The NFL heads into the legal-tampering period before swinging the gates of free agency fully open Wednesday, yet it's hard to shake free of the idea trades run the show.
We mostly have the Cleveland Browns to thank for the chaotic run-up to free agency, as the team acquired guys like Jarvis Landry, Damarious Randall, Tyrod Taylor and others, not to mention shipped away guys like Danny Shelton and DeShone Kizer. Given the wealth of trades, it's almost easy to forget Michael Bennett went from the Seattle Seahawks to Philadelphia Eagles too.
Clearly, the onset of free agency doesn't mean trades are off the table. This is especially the case when one sees some of the biggest names left making the rounds on the rumor mill.
It's not often a starting-caliber tackle makes it to the trade block or free agency, which is a nice way of saying Buffalo Bills tackle Cordy Glenn has at least one issue delaying a potential trade.
Glenn, 28, is a quality starter when healthy, but there is the problem—the 2012 second-round pick suffered a foot injury last season and only appeared in six games. Known for his footwork on the edge, an injury like this for a guy who checks in around the 345-pound mark is a scary problem. So too is a $14.5 million cap hit in 2018, before a potential out.
Those factors combined make it obvious the front office in Buffalo would listen to offers, according to CBSSports.com's Jason La Canfora: "The Bills remain open to a Cordy Glenn trade, though they have not been operating as if they have to make that trade."
If it sounds like the Bills sit in a position of luxury on this one, they do thanks to Dion Dawkins' emergence last year. The idea of unloading Glenn's contract while getting back assets isn't terrible for a team figuring to start over under center after moving Taylor.
But again, Glenn's contract and the unknown extent of his injury (he should be ready by OTAs, per Chris Brown of the team's website) make the upside a serious gamble. The upshot is an immediate starter at left tackle during a serious downtime for the position around the league, so this situation could be one that drags out until draft day.
For those teams looking for a little less risk when searching out help in the offensive trenches, the Miami Dolphins might have what they seek in the form of Ja'Wuan James.
James is only 25 and entering the fifth year of his rookie deal, so while it carries a cap hit of $9.3 million, the upside is he should be motivated to post a strong year.
According to Omar Kelly of the Sun Sentinel, the Dolphins have James firmly on the trade block: "Ja'Wuan James, the team's 2014 first-round pick, is being shopped to teams seeking offensive line help and could be moved before the start of free agency on Wednesday, according to a league source."
While he had injury problems as well last year, missing eight games, James is a 47-game starter at right tackle who held up well when on the field. Miami is simply willing to let him walk because of a shoddy cap situation, hence the Landry trade.
For teams looking to do a deal, James is a rarity—quality offensive tackles on either side of the line are hard to find because of the college game's evolution and the reduction of practice time at the pro level, to name a few factors.
James has shown he can hold down the right side of the line, and for some, it's easier to eat the cap hit after a trade than risk splurging on a mediocre free-agent class or taking a risk on waiting for a rookie to develop.
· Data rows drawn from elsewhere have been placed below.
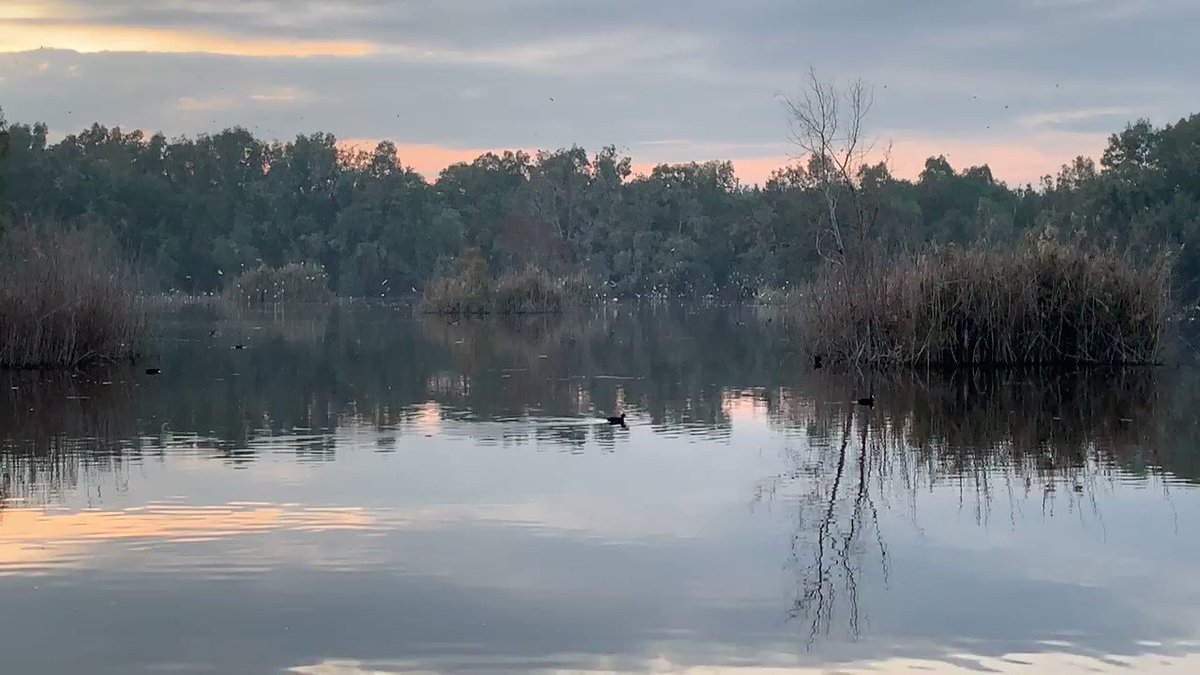 Mirror-like waters at #Athalassa Park yesterday!The park is the best (and perhaps only) place to get in touch with some local wildlife in the city of #Nicosia! 🦆🦆🦆📹@Cyprus4Holidays #Cyprus #NationalPark #travel #holidays #vacation #trip #wanderlust #Cyprus4Holidays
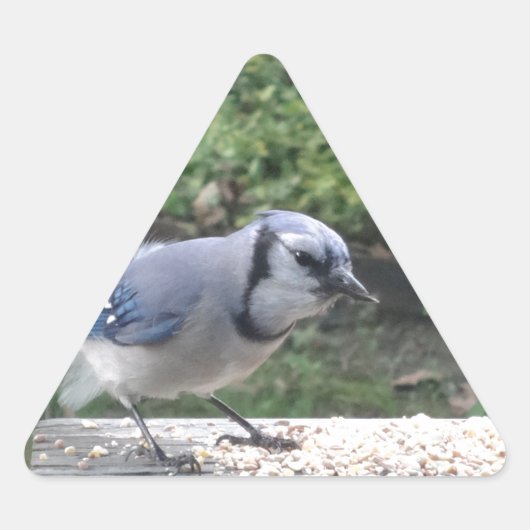 Blue Jay Sticker (Voorkant)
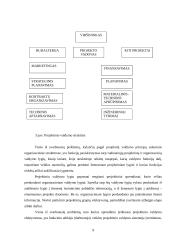 Projektų valdymas bei komandos formavimas 9 puslapis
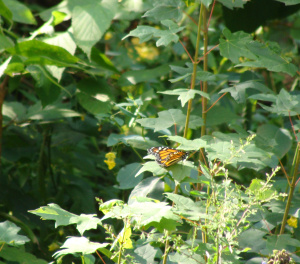 ???????????????????????????????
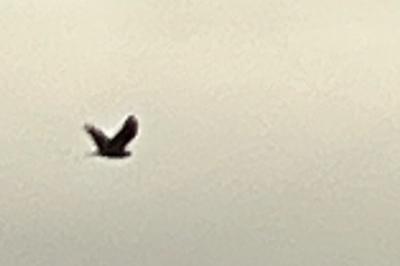 Buse variable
We are at a funny point in the NFL timeline because like offensive tackle, safety is a premium position teams don't often address well because options are limited.
Yet here we are, with the Seahawks at least listening to offers on Earl Thomas.
Besides the Bennett deal, the Seahawks have gone into full-on purge mode in their defensive secondary, losing Richard Sherman and Jeremy Lane before the market opens. Yet it's still strange to hear they will listen to offers on Thomas, according to NFL Network's Mike Garafolo:
This followed a similar report from NFL.com's Michael Silver (h/t his colleague Chris Wesseling), though the report includes the word "overwhelm."
In other words, the Seahawks want the best offers a team can produce—and why not? Thomas is 28 and in the final year of his deal, representing a $10.4 million chunk of cap space to boot. He's still solid, so the trade value is there, and dealing him would remove the headache of a potential holdout, which he's hinted at.
The obvious dynamic at play here, though, is the idea teams understand the situation brewing between Thomas and the Seahawks. At worst, he will hit free agency in a year and still demand a gigantic deal on the open market, so there are bound to be a few patient teams willing to let this play out while avoiding giving up major assets via a trade.
Then again, most would have agreed it would be weird to see Sherman wearing a different jersey—now he's suiting up for the rival San Francisco 49ers. Like the Browns, the Seahawks have a way of stunning the world, with Thomas on deck next as a possible surprise.
Cap information according to Spotrac.